Behind that, though, is a mistrust of a massive fundamental: that majority opinion rules supreme. "We’re the smallest group," one candidate speechifies, "but does that make us less important?" Time and again, the smallest groups outweigh the largest. It all comes down to how you cut it.

Fight Night makes its point and it makes it well. It’s a sustained, reasoned case, but it’s hardly thrilling theatre. It’s too forensic for that, too all-on-the-surface. Half-way through it starts to bare its teeth, testing us with unpalatable truths, only to return to an anodyne smile. All the while, it’s caught between playing the game it sets up for real and sticking to a script to ensure its point lands.

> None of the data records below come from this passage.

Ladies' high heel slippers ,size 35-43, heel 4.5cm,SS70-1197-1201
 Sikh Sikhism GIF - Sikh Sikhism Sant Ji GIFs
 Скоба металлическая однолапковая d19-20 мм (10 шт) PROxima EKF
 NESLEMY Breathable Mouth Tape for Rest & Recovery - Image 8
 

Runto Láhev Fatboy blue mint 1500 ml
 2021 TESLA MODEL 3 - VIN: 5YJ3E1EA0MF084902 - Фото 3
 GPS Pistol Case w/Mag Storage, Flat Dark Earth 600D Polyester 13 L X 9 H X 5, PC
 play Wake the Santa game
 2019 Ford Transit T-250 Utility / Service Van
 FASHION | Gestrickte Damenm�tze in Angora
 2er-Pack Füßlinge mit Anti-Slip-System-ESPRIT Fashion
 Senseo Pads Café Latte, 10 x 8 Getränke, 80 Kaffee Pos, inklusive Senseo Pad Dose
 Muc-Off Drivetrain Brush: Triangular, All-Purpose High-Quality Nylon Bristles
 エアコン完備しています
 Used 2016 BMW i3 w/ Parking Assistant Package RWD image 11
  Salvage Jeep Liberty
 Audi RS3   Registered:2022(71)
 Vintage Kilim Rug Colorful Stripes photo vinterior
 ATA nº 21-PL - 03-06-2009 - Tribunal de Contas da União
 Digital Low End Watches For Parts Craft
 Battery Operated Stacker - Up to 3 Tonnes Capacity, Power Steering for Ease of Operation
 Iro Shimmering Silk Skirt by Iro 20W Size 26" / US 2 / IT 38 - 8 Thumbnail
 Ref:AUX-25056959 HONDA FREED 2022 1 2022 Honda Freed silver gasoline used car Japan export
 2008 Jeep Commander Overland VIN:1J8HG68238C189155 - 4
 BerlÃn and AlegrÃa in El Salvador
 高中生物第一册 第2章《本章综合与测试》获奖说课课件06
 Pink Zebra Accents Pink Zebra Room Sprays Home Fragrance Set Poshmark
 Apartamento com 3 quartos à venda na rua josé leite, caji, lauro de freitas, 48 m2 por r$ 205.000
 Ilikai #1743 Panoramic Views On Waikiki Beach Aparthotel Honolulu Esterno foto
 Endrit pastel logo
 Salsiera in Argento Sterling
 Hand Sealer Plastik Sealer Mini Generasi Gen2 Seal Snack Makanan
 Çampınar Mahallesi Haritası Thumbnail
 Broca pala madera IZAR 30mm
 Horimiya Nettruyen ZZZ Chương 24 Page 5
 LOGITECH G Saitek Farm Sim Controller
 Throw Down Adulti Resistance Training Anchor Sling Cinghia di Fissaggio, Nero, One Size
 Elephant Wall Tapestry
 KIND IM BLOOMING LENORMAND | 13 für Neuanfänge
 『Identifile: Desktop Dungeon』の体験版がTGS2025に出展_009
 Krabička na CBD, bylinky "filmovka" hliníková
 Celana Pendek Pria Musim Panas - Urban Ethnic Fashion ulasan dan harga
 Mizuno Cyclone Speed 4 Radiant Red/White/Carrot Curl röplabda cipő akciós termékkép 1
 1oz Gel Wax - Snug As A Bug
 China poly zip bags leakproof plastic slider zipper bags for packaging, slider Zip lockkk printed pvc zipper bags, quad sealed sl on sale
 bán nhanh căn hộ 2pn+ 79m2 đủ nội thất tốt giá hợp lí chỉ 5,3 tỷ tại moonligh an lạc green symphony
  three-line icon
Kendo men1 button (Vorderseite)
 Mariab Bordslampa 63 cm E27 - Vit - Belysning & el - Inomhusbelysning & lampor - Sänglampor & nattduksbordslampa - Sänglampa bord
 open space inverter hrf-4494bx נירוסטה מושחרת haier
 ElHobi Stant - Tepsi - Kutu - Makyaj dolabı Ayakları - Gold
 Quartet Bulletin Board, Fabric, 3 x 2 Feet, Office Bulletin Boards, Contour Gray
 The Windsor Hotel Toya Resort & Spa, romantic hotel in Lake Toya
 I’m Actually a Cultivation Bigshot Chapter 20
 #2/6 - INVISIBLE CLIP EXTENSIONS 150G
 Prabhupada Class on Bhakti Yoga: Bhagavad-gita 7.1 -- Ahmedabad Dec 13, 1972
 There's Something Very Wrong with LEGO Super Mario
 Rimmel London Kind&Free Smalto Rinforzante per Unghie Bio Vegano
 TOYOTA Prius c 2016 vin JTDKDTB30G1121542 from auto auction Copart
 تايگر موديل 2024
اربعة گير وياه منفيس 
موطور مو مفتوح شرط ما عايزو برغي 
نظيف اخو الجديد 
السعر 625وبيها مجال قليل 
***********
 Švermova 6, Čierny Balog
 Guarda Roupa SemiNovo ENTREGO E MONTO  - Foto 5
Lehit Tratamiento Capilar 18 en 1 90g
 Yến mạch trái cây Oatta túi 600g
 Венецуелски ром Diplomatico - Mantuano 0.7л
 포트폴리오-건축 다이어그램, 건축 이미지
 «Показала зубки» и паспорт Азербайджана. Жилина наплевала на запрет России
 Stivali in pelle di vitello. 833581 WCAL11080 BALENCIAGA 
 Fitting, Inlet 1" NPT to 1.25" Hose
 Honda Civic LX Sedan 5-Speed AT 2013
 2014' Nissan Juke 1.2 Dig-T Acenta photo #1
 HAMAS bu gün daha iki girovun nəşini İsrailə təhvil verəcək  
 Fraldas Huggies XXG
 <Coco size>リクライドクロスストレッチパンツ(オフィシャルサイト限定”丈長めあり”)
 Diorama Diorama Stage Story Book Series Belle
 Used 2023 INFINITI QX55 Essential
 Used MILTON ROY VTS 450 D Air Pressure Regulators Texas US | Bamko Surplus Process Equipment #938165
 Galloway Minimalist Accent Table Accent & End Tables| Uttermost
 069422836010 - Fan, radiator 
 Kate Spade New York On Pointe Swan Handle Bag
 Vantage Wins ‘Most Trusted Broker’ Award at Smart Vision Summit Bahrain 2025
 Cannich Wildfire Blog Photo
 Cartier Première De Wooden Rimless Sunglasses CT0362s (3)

What happens, though, when you buck the broken system? There’s a rally, late on, for a Brand-style protest – to hand in our devices – then a call to occupy the stage, and, for a moment, there’s the possibility of something else, of derailing the event to find our own ending. To Winston Churchill we might reply: What about all those forms of government we’ve not yet tried?

Fight Night runs at the Unicorn Theatre until 3rd May.